Task item: Return nothing but the lines from the one with "I'd like you to read" through the one with "SlickEdit can detect" in the data below, word for word and without pictures.

===== Data =====

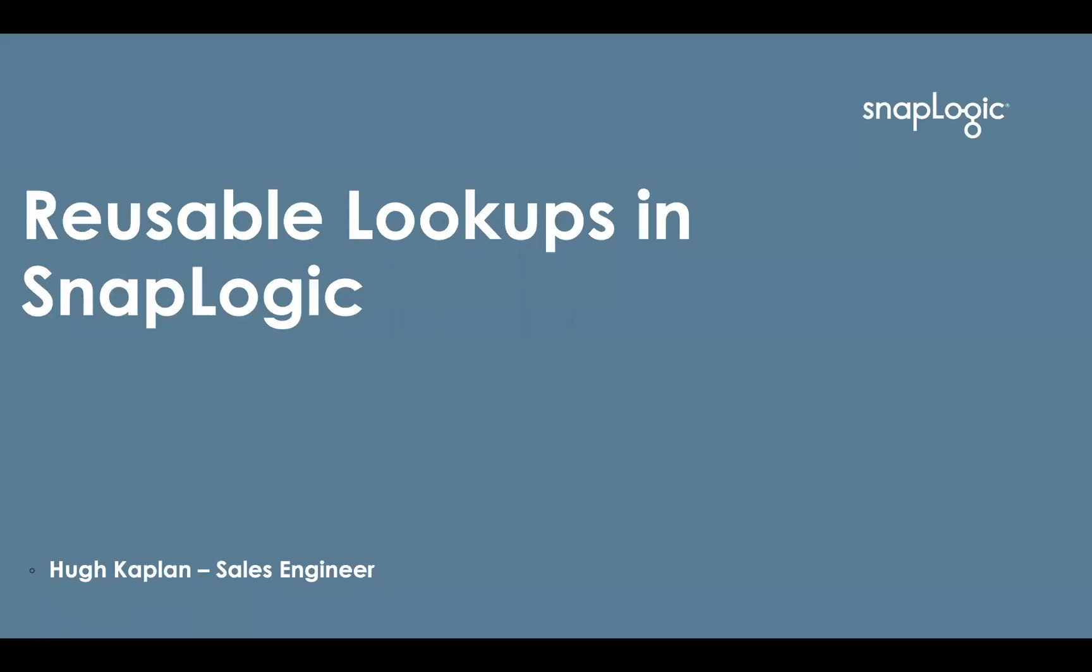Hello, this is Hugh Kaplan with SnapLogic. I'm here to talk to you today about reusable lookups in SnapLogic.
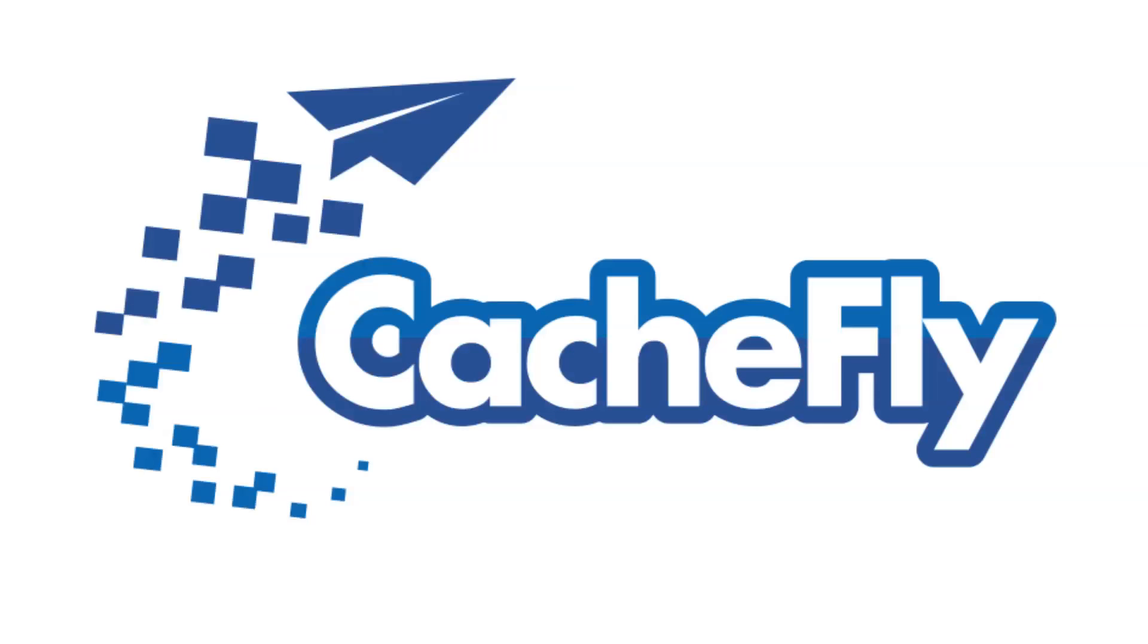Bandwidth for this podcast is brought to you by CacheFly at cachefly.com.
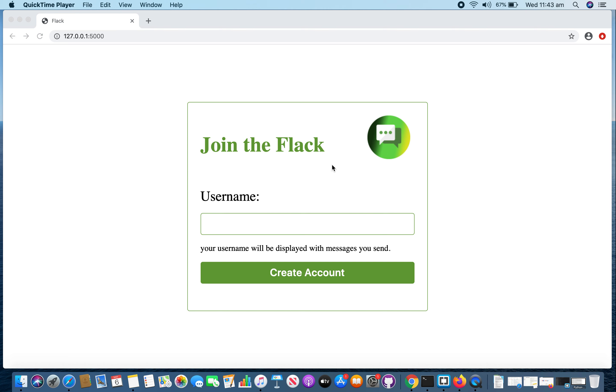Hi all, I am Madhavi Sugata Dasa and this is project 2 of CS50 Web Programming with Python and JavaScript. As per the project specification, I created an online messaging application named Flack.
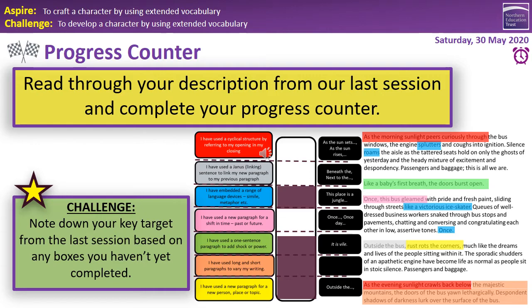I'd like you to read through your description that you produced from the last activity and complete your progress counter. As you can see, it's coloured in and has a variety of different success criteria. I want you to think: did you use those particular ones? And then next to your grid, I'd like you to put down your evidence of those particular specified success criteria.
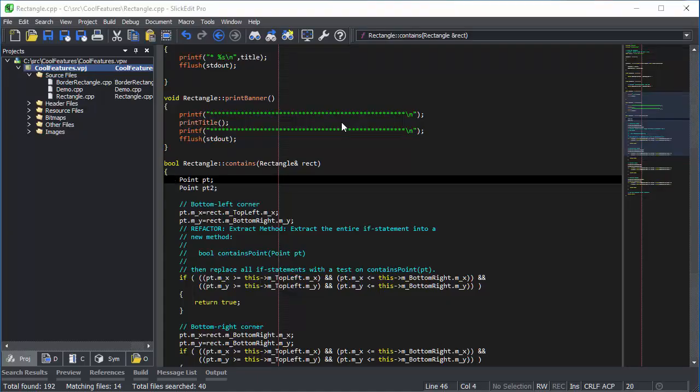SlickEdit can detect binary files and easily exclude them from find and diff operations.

=====
===== Data =====

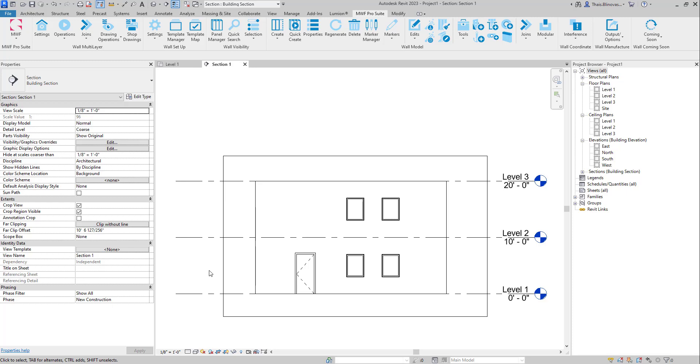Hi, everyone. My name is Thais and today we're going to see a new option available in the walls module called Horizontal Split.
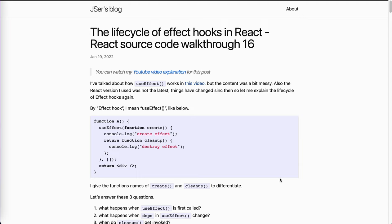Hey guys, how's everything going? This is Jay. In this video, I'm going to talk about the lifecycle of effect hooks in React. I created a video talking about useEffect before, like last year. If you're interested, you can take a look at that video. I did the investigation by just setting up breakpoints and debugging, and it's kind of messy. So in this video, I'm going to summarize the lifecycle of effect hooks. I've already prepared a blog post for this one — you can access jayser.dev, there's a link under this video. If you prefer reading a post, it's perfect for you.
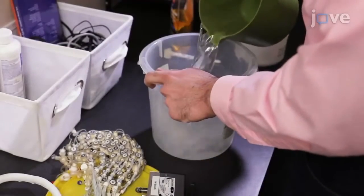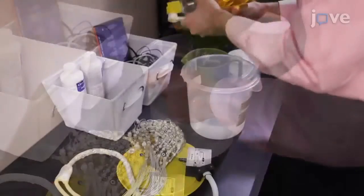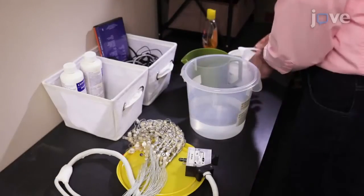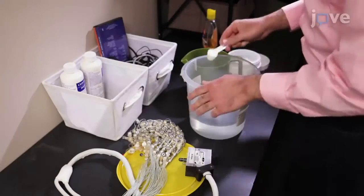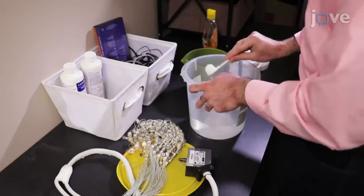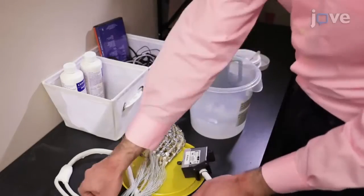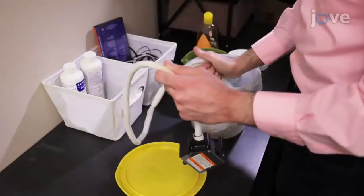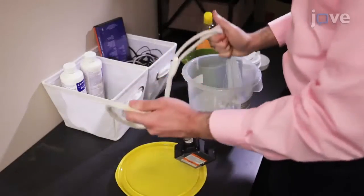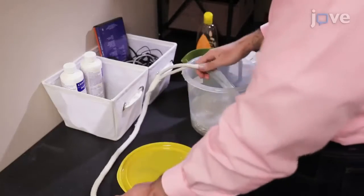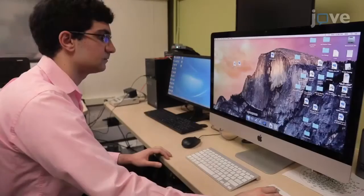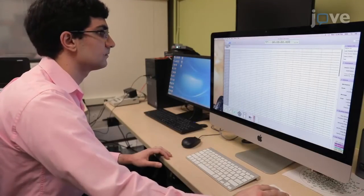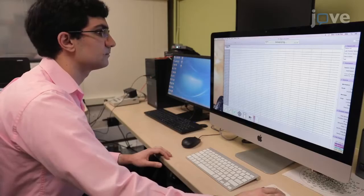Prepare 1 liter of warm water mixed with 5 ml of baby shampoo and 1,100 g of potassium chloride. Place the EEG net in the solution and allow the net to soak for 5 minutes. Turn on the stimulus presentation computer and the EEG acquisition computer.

=====

Exercise output:
I'd like you to read through your description that you produced from the last activity and complete your progress counter. As you can see, it's coloured in and has a variety of different success criteria. I want you to think: did you use those particular ones? And then next to your grid, I'd like you to put down your evidence of those particular specified success criteria.
SlickEdit can detect binary files and easily exclude them from find and diff operations.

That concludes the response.